EXTRACTED MATERIAL
= = = =
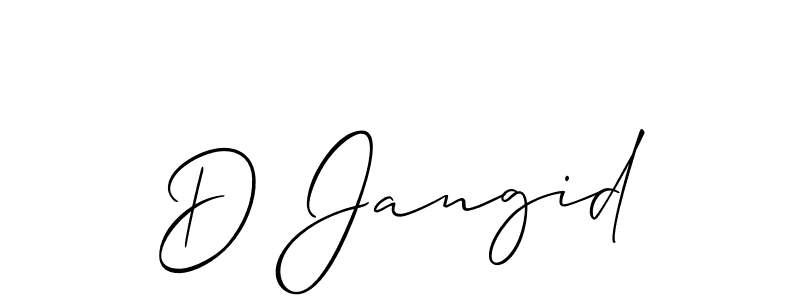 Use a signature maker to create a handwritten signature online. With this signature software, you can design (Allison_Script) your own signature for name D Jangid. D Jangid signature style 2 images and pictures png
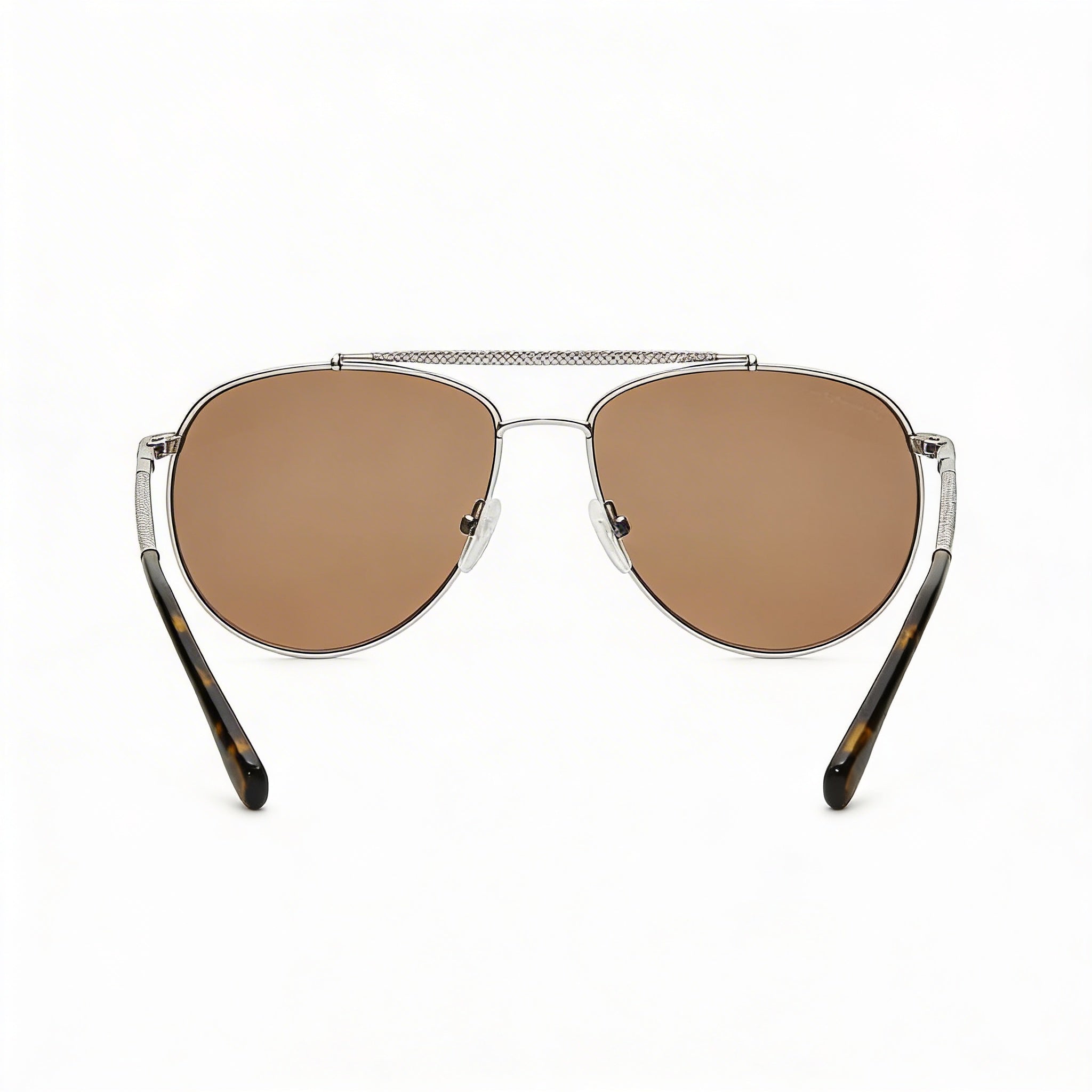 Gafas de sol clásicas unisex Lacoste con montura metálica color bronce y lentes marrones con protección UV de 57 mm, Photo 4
= = = =
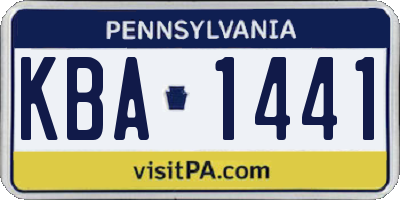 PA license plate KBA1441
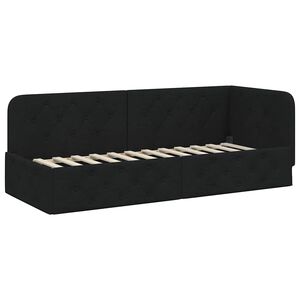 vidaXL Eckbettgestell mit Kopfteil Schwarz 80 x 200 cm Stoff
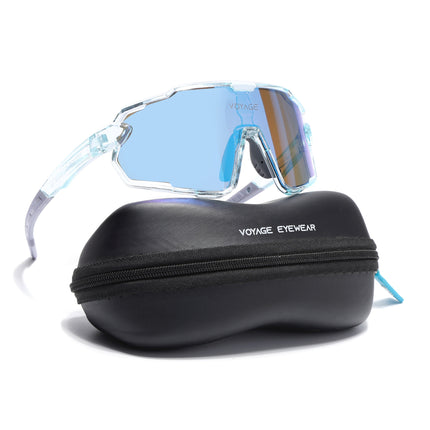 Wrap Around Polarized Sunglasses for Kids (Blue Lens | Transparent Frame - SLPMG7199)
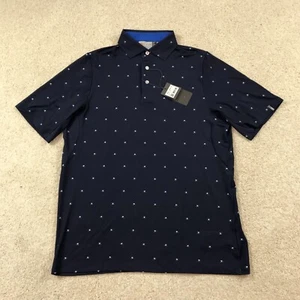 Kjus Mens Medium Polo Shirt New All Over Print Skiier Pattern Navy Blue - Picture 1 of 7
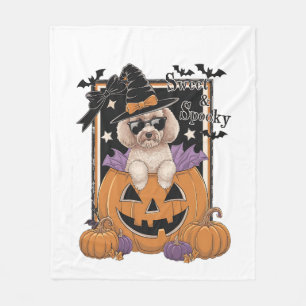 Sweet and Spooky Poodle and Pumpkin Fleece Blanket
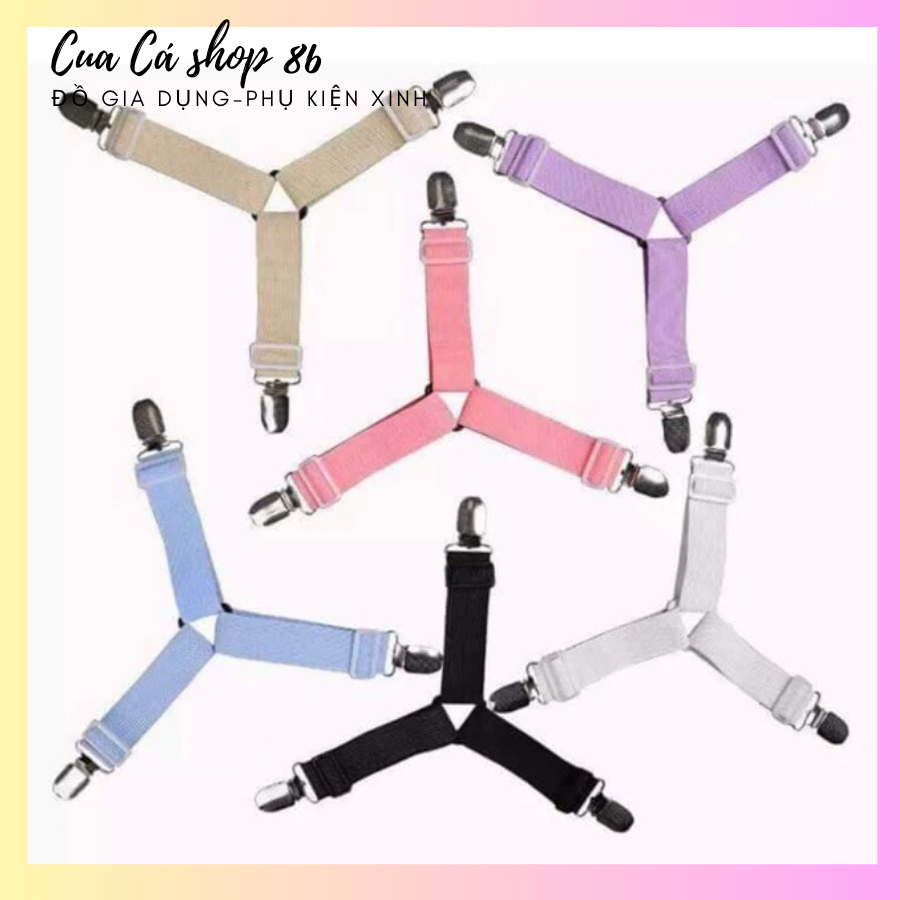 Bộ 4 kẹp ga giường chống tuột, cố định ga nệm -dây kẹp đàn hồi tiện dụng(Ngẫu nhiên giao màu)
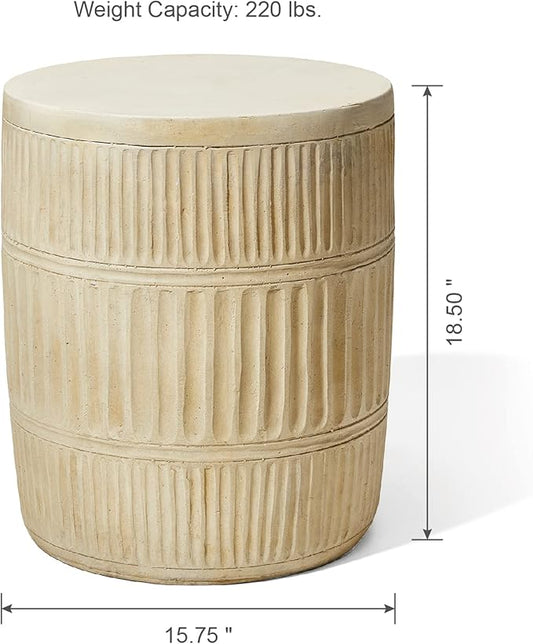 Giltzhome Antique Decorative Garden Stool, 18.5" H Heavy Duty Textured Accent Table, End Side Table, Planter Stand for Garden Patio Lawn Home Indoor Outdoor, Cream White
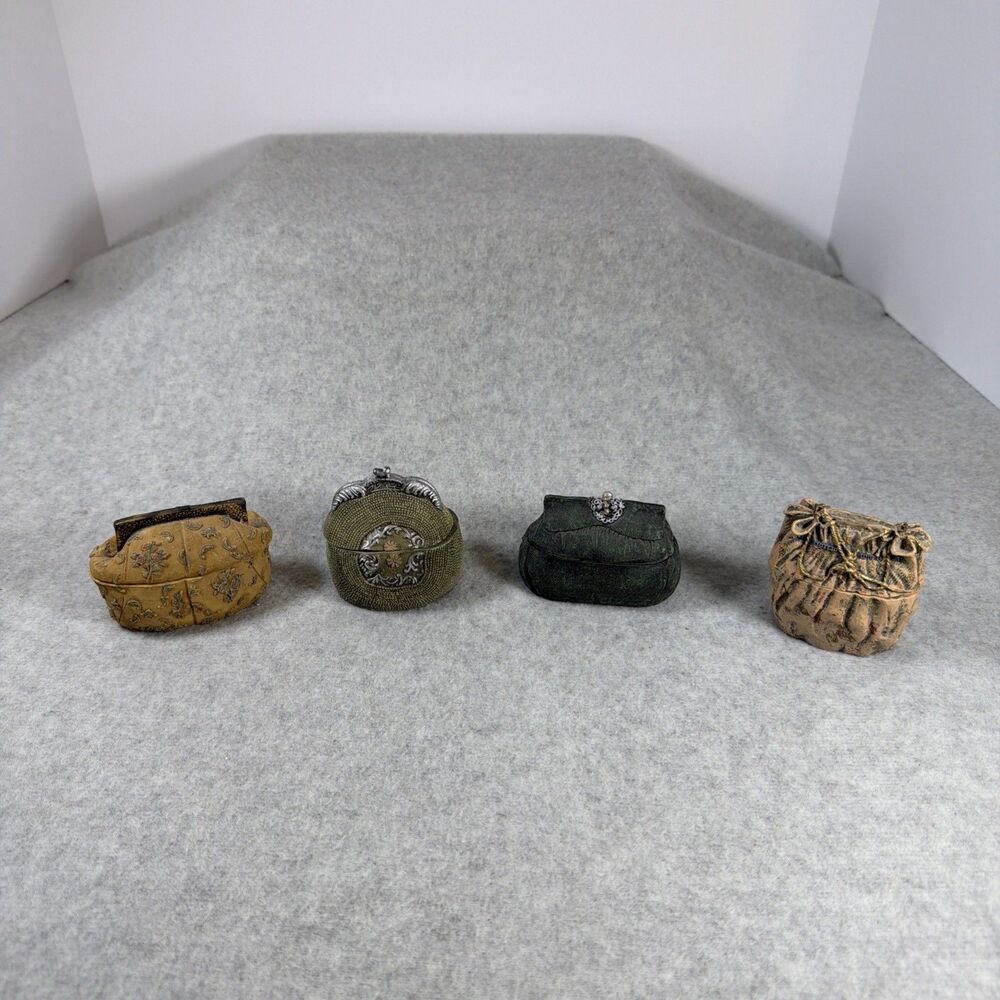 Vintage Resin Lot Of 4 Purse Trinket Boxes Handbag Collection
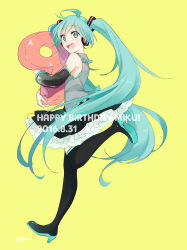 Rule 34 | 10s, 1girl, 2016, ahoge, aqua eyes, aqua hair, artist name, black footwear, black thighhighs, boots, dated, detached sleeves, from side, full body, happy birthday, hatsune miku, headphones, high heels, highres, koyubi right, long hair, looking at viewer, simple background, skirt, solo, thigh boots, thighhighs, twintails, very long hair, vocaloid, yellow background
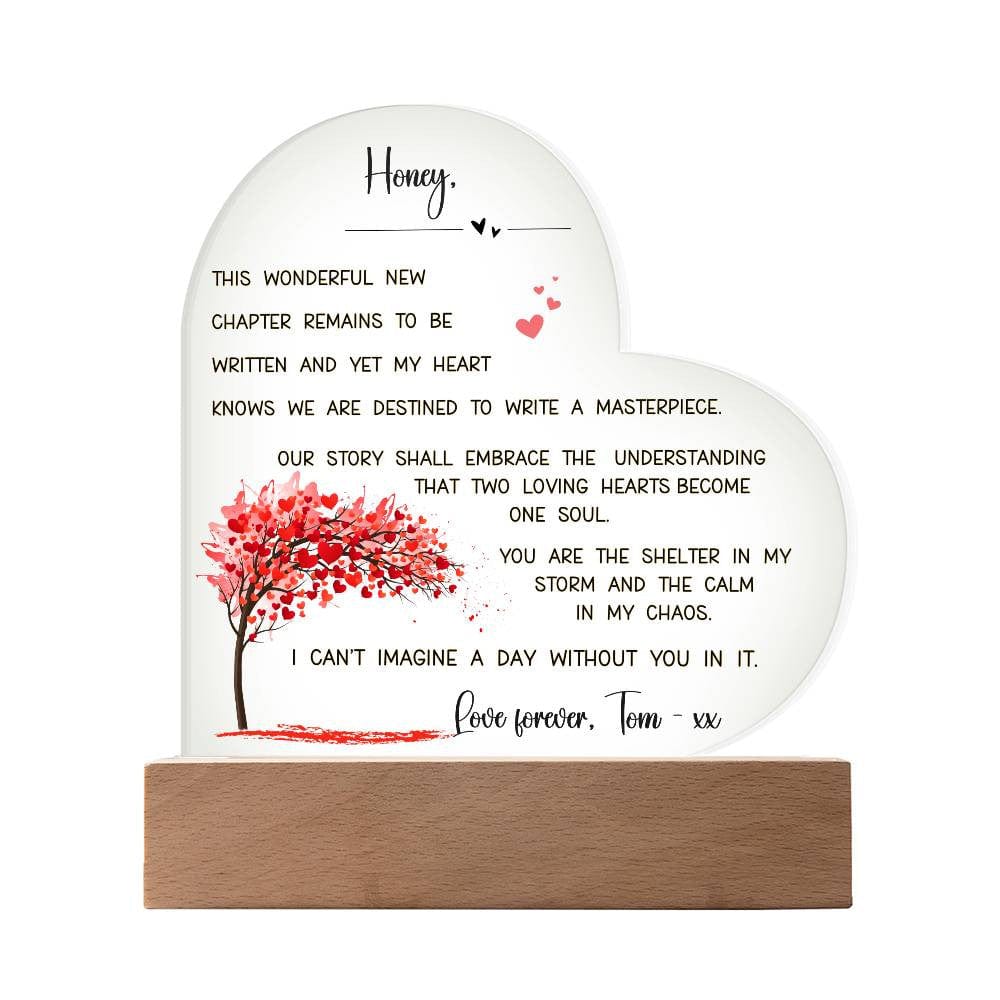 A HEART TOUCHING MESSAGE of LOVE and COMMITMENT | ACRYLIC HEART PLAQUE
= = = =
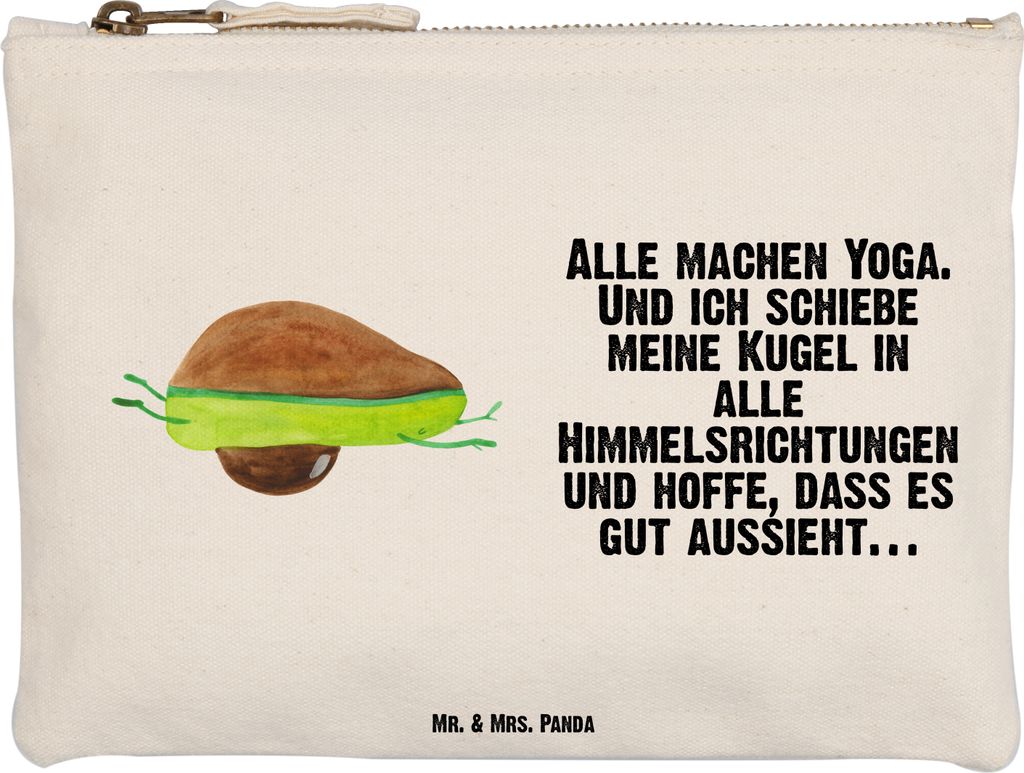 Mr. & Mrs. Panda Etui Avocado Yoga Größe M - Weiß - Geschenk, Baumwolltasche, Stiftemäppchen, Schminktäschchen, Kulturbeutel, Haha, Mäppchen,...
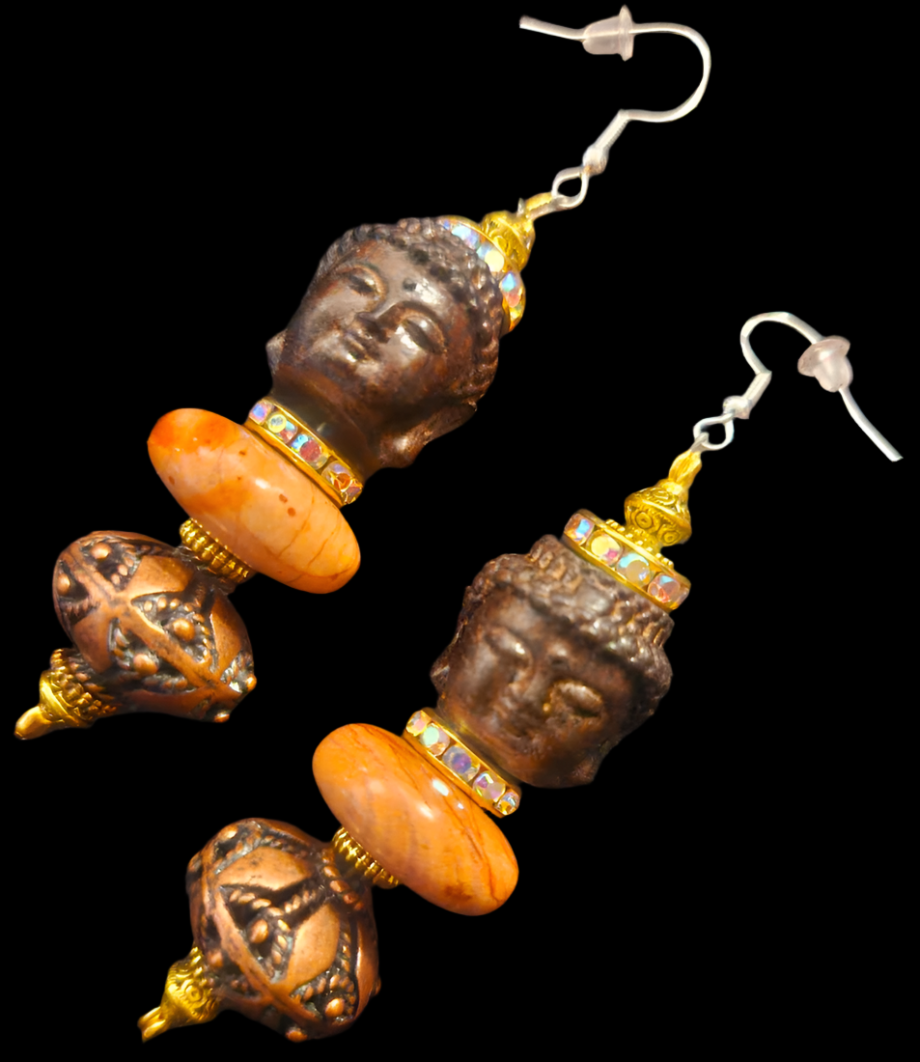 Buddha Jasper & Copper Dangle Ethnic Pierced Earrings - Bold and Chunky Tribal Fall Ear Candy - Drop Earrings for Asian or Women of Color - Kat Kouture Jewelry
= = = =
YOUR ASSIGNMENT
In the listing above, find the line with "Sweet and Spooky" and the line with "Vintage Resin Lot". Set down both and every line between them, minus the pictures.

SOLUTION
 Sweet and Spooky Poodle and Pumpkin Fleece Blanket
 Bộ 4 kẹp ga giường chống tuột, cố định ga nệm -dây kẹp đàn hồi tiện dụng(Ngẫu nhiên giao màu)
 Giltzhome Antique Decorative Garden Stool, 18.5" H Heavy Duty Textured Accent Table, End Side Table, Planter Stand for Garden Patio Lawn Home Indoor Outdoor, Cream White
 Vintage Resin Lot Of 4 Purse Trinket Boxes Handbag Collection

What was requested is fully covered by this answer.